WASHINGTON — To collect more money for liquidity programs and maintain a hold on monetary policy, the Federal Reserve Board essentially asked the banking industry for more cash Wednesday.

The Fed said it will begin paying more interest on the reserves financial institutions hold at the central bank. In most circumstances, required and excess reserve holdings will collect interest at the federal funds rate, currently 1%.

The plan should encourage bankers to send money they would have lent to other banks in the open markets to the Fed instead. The central bank said it is trying to "help foster trading in the funds market at rates closer to the … federal funds rate."

Translation: Some banks, especially small ones, are borrowing in the interbank market at rates much lower than the fed funds rate, and the Fed wants to change that.

"What the Fed is doing is giving it more control over the fed funds rate," said Chris Low, the chief economist at First Horizon National Corp.'s FTN Financial Capital Markets. "They're sopping up liquidity."

That may seem like an odd strategy during a credit crunch, but as the Fed takes more money out of the open market, the effective interest rate for the small banks will rise closer to the Fed's target of 1%. Mr. Low said the rate for these institutions has been 40 basis points below that target in recent days, while the largest banks have been borrowing at more than 1%.

The hike in interest may be more costly for small banks, but it should add to the heft of the Fed's ever-growing balance sheet which, in turn, supports liquidity programs the central bank has used to fight the credit crisis.

The Fed "sees a long term likelihood that they will have to flood the market with liquidity," said Gil Schwartz, a former Fed lawyer who now works in private practice. "This lets them do that more effectively."

Mr. Low said the cash the Fed is attracting from small institutions can be turned around and lent to large ones through programs like the term auction facility.

"If they actually manage to pull a significant amount of cash out of the small-bank market, then they can use that to fund the TAF program to fund the megabanks," he said. "If they soak up enough reserves, it will give them the firepower they need for the big banks."

The Monetary Control Act of 1980 gives the Fed the power to collect between 8% and 14% of a bank's transaction deposits to fulfill reserve requirements. It began paying interest on reserves last month, after Congress gave it the authority to do so in the economic rescue package.

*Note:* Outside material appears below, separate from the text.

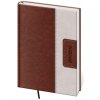 Classic A5 Týždenný 2026 hnedo/béžový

The central bank said Oct. 6 that it would pay 10 basis points below the fed funds rate on required reserves. The original plan also said excess reserves would collect interest of 75 basis points below the fed funds rate.

The Fed altered its formula Oct. 22 to allow excess reserves to collect interest at 35 basis points below the fed funds rate.

The prospect of earning interest — at whatever rate — has proven attractive to bankers. As of Oct. 29 depository institutions' balance with the Fed had grown 87.7% from a week earlier and 137.6% from four weeks earlier, to $425.972 billion.